AIM OF THE EXERCISE — The answer is the full set of records, given again exactly and without images.

[Saved entries]
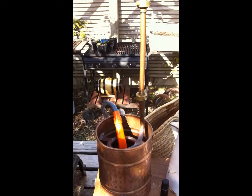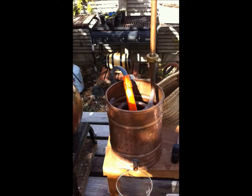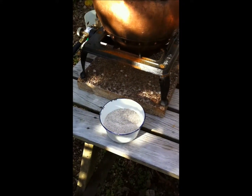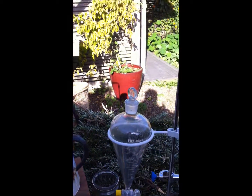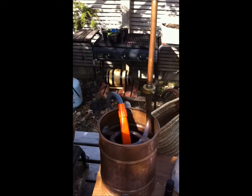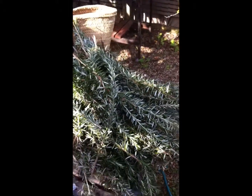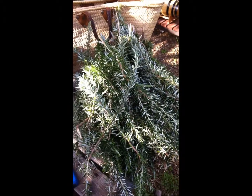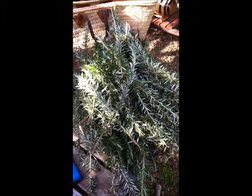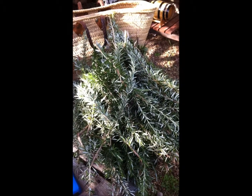I've already given it a good clean but this is just a double-check. I have my rye flower ready, my pH reader, my oil separators, my pump ready to go on the condenser bucket, and my harvested rosemary. It's just after the full moon — I should have harvested it before the full moon.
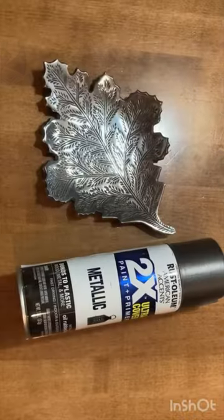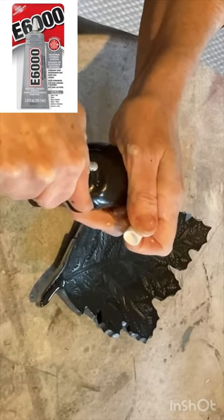This bird tray was cute, but there was no way I was paying $43. I found a metal leaf and a ceramic bird at the thrift store.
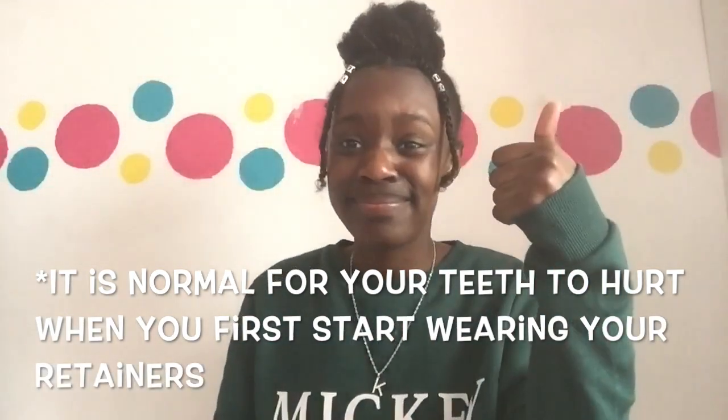Usually they will book an appointment in about eight or more weeks, and that's when your retainers are ready and you get to take them home and wear them. Please like, comment, or subscribe if you enjoyed this video or found it useful.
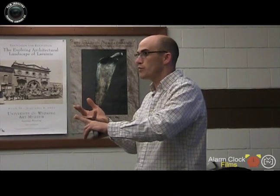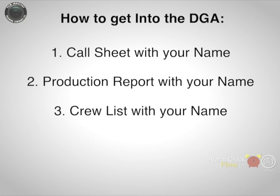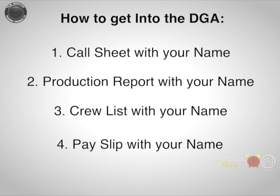If you have a production coordinator that's smart, they keep additional copies of all of this, knowing that you folks are looking for it at the end of the show. So you need a call sheet with your name on it — keep each one. You need the production report, you need the crew list that has your name on it, and you also need your payslip that has your name on it.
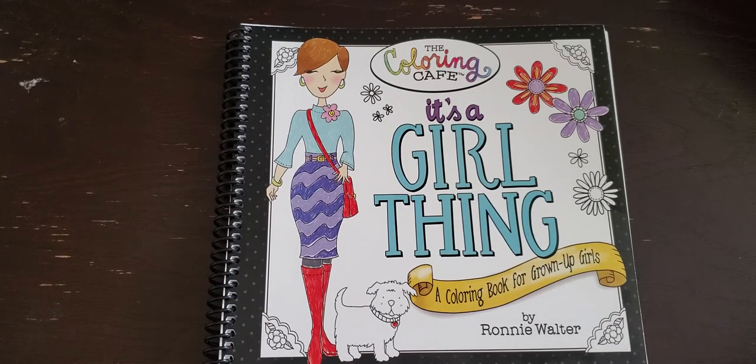But that was a flip through for 'It's a Girl Thing' by Ronnie Walter. Leave me comments below if you like this book, or if you have some of her books and have colored pages in them — I would love to see them! Let me know down below and I will see you guys next time, bye!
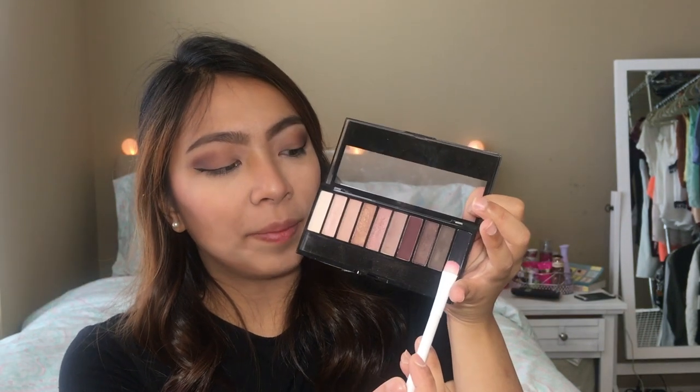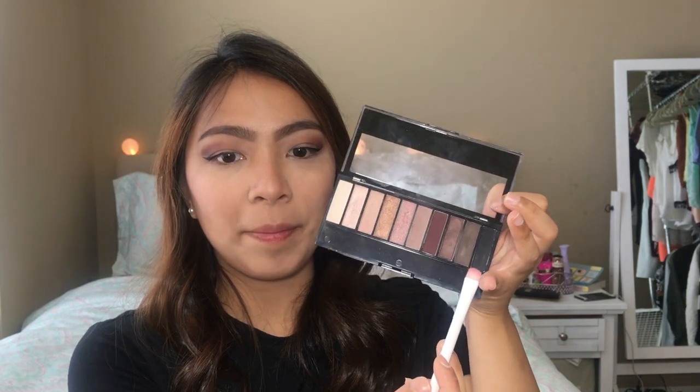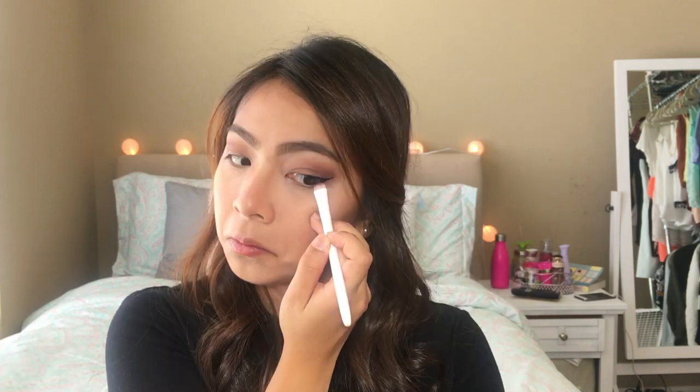Veronica has that winged eyeliner to finish off her total eye makeup, so for that I'm using the Stila Stay All Day Waterproof Black Eyeliner. Now I'm taking a smudge brush and applying the black shade from the palette on my lower lash line, on my outer one-fourth. Then I'll just apply this brow shaping clear gel from Milani.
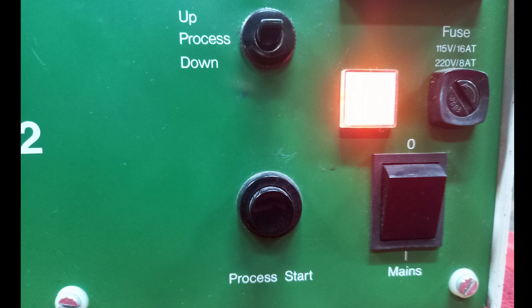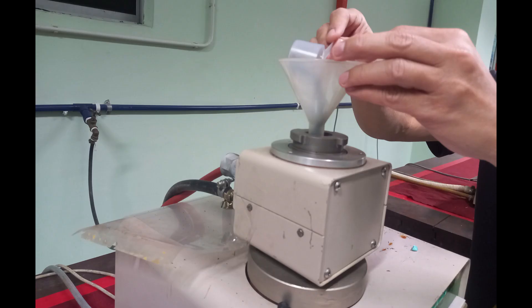In this video, we will see about hot mounting. In hot mounting, the specimen is mounted under heat and pressure with a hot mounting press.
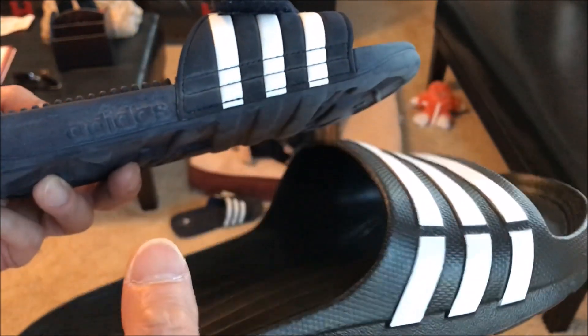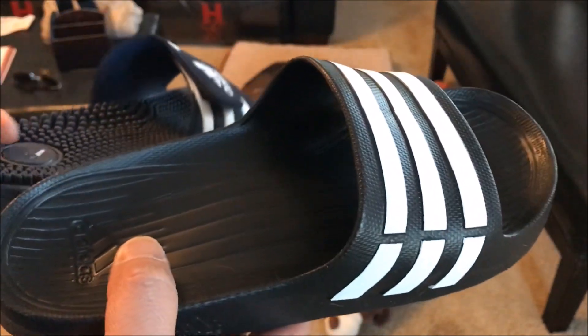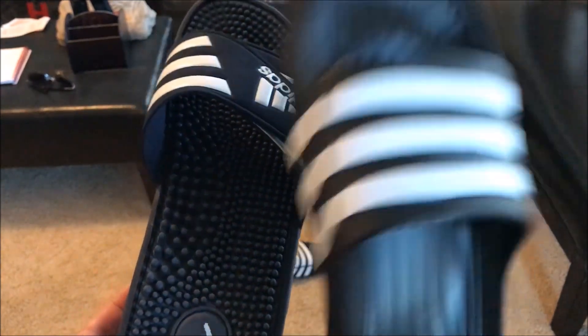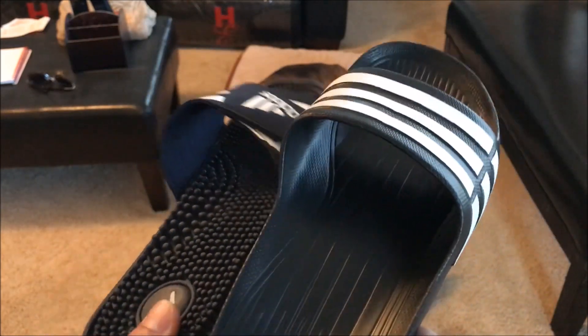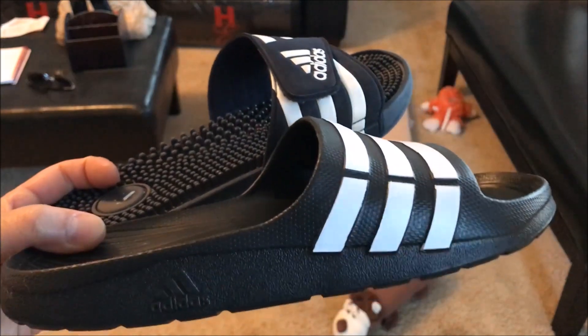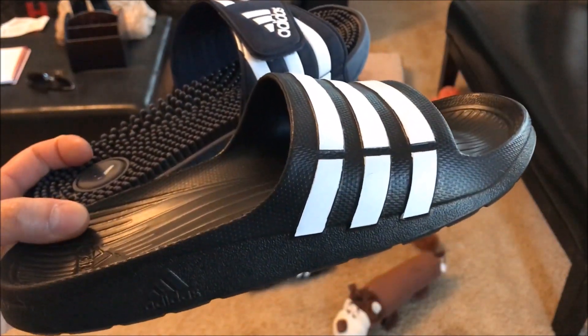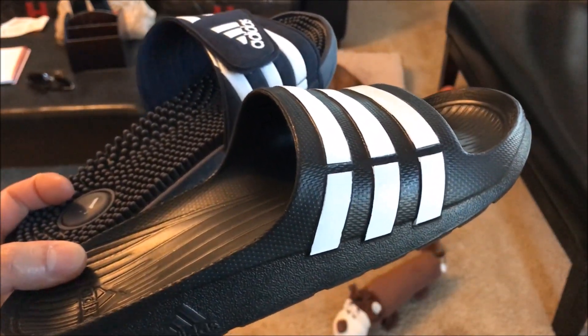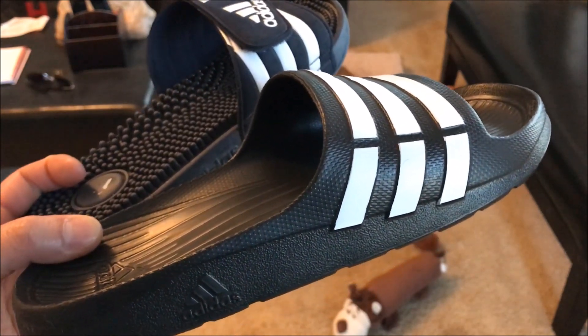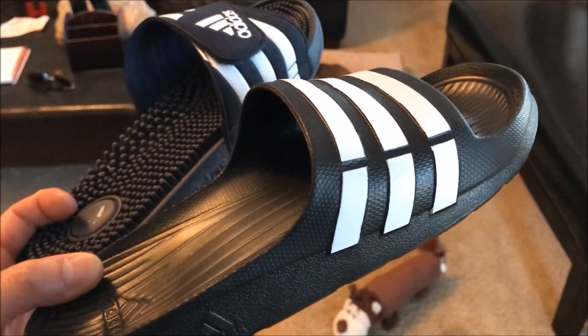It's not bad at $13.99 — you definitely need it in your shoe collection as an extra pair. So what do I give it? On a scale of 100%, compared to the Adidas slide, taking into consideration the price, I'm gonna hook this up with an 82%. Thanks for watching — don't forget to support my channel by clicking the like, comment, and share button. Until next time, take care of yourselves and your feet.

RESPONSE TO THE TASK —
I've already given it a good clean but this is just a double-check. I have my rye flower ready, my pH reader, my oil separators, my pump ready to go on the condenser bucket, and my harvested rosemary. It's just after the full moon — I should have harvested it before the full moon.
This bird tray was cute, but there was no way I was paying $43. I found a metal leaf and a ceramic bird at the thrift store.
Usually they will book an appointment in about eight or more weeks, and that's when your retainers are ready and you get to take them home and wear them. Please like, comment, or subscribe if you enjoyed this video or found it useful.
If you have a production coordinator that's smart, they keep additional copies of all of this, knowing that you folks are looking for it at the end of the show. So you need a call sheet with your name on it — keep each one. You need the production report, you need the crew list that has your name on it, and you also need your payslip that has your name on it.
But that was a flip through for 'It's a Girl Thing' by Ronnie Walter. Leave me comments below if you like this book, or if you have some of her books and have colored pages in them — I would love to see them! Let me know down below and I will see you guys next time, bye!
Veronica has that winged eyeliner to finish off her total eye makeup, so for that I'm using the Stila Stay All Day Waterproof Black Eyeliner. Now I'm taking a smudge brush and applying the black shade from the palette on my lower lash line, on my outer one-fourth. Then I'll just apply this brow shaping clear gel from Milani.
In this video, we will see about hot mounting. In hot mounting, the specimen is mounted under heat and pressure with a hot mounting press.
It's not bad at $13.99 — you definitely need it in your shoe collection as an extra pair. So what do I give it? On a scale of 100%, compared to the Adidas slide, taking into consideration the price, I'm gonna hook this up with an 82%. Thanks for watching — don't forget to support my channel by clicking the like, comment, and share button. Until next time, take care of yourselves and your feet.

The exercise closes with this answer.